12. The affidavit of Mr. Gutierrez identifies him as the Director of Advertising for the News-Journal since July 31, 1986, with duties which include supervision of advertising sales. He states he is generally responsible for acceptance or rejection of advertising for the newspaper. He related that when Mr. Childers submitted advertisements relating to Lost Bay Trading Company, he asked for documentation to support statements that Mr. Cronley had an interest in Lost Bay Trading Co., Inc., and that the proposed purchase by Lost Bay was for $3,000 per acre. In response, Mr. Childers delivered some seven documents: (a) a 1988 annual report of the Lost Bay Corporation to the Secretary of State showing Mr.

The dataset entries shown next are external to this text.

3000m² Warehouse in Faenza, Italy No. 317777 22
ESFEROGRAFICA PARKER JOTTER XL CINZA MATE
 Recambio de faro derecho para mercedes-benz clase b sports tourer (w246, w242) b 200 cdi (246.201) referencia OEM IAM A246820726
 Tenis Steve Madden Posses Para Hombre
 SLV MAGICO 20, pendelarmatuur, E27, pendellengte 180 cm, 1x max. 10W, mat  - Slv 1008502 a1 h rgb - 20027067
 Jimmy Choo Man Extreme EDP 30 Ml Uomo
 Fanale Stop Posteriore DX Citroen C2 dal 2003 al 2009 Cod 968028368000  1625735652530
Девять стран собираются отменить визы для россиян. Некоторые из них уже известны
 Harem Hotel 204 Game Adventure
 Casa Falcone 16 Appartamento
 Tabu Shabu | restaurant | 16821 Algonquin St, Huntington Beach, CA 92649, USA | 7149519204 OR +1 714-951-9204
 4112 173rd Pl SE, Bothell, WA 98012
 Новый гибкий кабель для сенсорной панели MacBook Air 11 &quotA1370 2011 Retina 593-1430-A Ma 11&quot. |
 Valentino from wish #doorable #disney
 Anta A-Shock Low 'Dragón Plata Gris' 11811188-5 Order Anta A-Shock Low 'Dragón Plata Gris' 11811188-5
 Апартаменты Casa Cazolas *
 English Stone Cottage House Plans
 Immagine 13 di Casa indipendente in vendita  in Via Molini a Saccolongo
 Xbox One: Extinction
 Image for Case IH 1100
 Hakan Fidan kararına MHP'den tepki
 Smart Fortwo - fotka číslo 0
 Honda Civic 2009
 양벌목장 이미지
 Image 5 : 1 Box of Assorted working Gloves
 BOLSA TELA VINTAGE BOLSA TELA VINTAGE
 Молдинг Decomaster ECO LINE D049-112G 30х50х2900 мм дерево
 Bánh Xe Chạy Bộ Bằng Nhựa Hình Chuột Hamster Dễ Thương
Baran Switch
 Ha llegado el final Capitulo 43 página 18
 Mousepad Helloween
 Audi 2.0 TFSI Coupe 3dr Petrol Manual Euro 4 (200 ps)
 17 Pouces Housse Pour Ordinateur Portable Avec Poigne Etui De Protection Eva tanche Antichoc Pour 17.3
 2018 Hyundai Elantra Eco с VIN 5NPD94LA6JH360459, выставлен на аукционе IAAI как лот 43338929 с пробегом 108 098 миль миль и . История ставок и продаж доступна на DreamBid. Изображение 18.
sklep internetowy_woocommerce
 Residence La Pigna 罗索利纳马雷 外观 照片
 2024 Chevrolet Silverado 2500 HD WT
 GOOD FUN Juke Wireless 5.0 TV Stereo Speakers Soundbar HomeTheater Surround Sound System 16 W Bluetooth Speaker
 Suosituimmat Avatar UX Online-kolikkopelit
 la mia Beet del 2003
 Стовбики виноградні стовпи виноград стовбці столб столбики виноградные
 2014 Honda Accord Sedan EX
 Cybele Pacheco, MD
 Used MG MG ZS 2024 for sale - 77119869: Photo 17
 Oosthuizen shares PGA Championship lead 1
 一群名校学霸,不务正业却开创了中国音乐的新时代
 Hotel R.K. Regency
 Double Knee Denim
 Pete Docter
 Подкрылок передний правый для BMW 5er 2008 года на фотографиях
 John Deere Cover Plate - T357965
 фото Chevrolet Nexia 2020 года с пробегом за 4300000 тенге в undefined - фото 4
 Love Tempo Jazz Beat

Cronley as Vice-President and Treasurer; (b) Articles of Incorporation of Lost Bay showing Mr. Cronley as incorporator; (c) public disclosure of financial interests of James D. Cronley showing a 50% interest in Lost Bay; (d) proposal of Lost Bay for the stimulation of Ellyson Industrial Park dated February 14, 1984; (e) minutes of meeting of Pensacola-Escambia Development Commission dated February 22, 1984; (f) minutes of P-E Development Commission dated April 24, 1984; and (g) minutes of P-E Development Commission dated April 25, 1984. With regard to the advertisement pertaining to Port Royal, he requested Childers to furnish documentation that FSLIC took control of Port Royal condos and he furnished a certified copy of a conveyance and Partial Assignment of Lease recorded in the public records. Also, in connection with the ad that Cronley’s charges against Childers “proven false,” the affiant asked for documentation that the charges were proven false. He submitted a report of Advocate’s recommendation to the Ethics Commission filed with the Ethics Commission on August 29, 1988. He questioned the use of the word “false” in reference to charges that were said to be “unfounded.” He states that Mr. Childers submitted Webster’s Dictionary showing “false” and “unfounded” as synonyms. It is further stated that all statements in the advertisements were represented by Mr. Childers as true, and that the affiant did not know that any of the statements in the advertisements were false and had no reason to believe any of the statements were false.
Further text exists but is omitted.